For months leading up to the PyeongChang 2018 Winter Olympics, interest in the South Korea Games was reportedly "very low" because of global tensions involving North Korea, South Korea's infamous neighbor, but there were also hundreds of thousands of people who were prepared to boycott the Olympics altogether.

That's because, as was well publicized before both the 1988 Seoul Summer Olympics and the 2002 FIFA World Cup, South Korea permits the consumption of cat and dog meat -- foods that have a long history in the nation but are illegal to sell in the United States.

As they did in the months leading up to the Summer Games 30 years ago in Seoul, according to Vice, South Korea imposed restrictions on certain dog meat markets so as not to rub Olympics guests the wrong way. The changes came "after complaints from local residents about the noise and smell, but authorities (were) also eager to stave off any international controversy," Vice reported, adding that some markets would remain open, albeit without the "display of live dogs."

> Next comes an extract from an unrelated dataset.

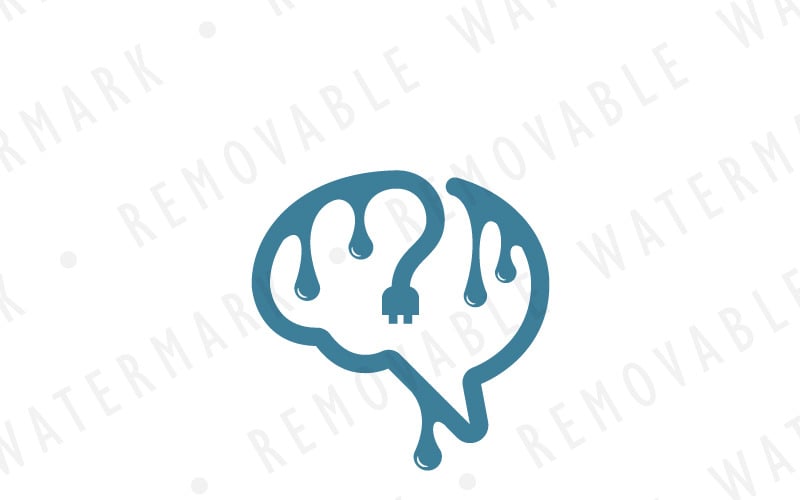 Download Шаблон логотипа "Ink & Wire Brain - Logo Template" / Ink & Wire Brain - Logo Template - Шаблон логотипа на тему графика social information energy creative idea solution question power ink connection think brain cable mind plug cord wire logo design template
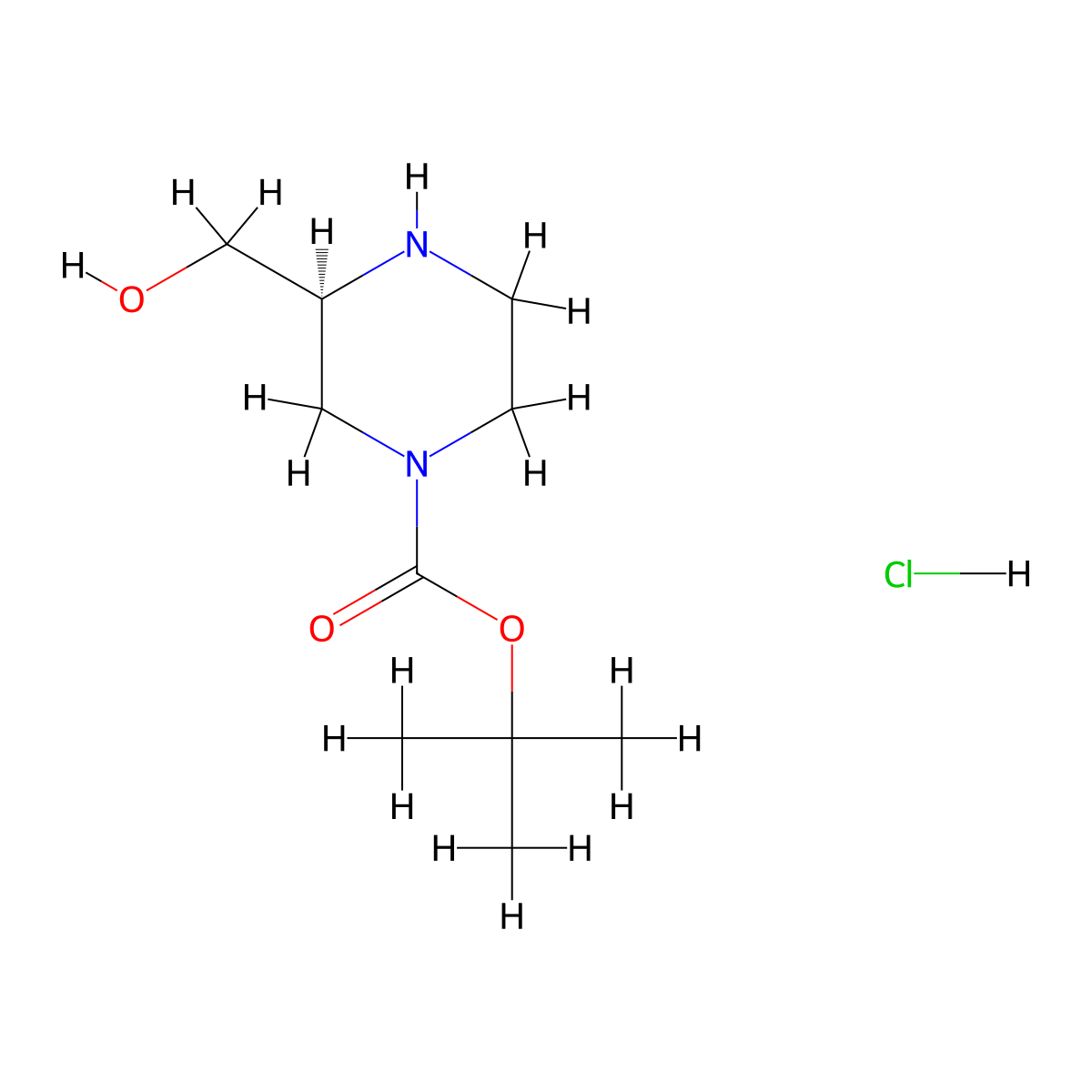 Tert-butyl (S)-3-(hydroxymethyl)piperazine-1-carboxylate hydrochloride molecular structure, CAS 1217442-24-4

But not everyone was satisfied in the months before the Olympics, and there is still attention being given to meat markets located near current Winter Games venues.

Eating cat and dog has been commonplace in South Korea since as early as the 1300s, some research says, but more than 200,000 previously vowed to skip the 2018 Winter Games in a Change.org petition, which addressed the International Olympic Committee and called for a complete end to cat and dog meat consumption. More than a million others, meanwhile, had put their names on a separate petition to the President of the Republic of Korea to ban the trade of dog meat.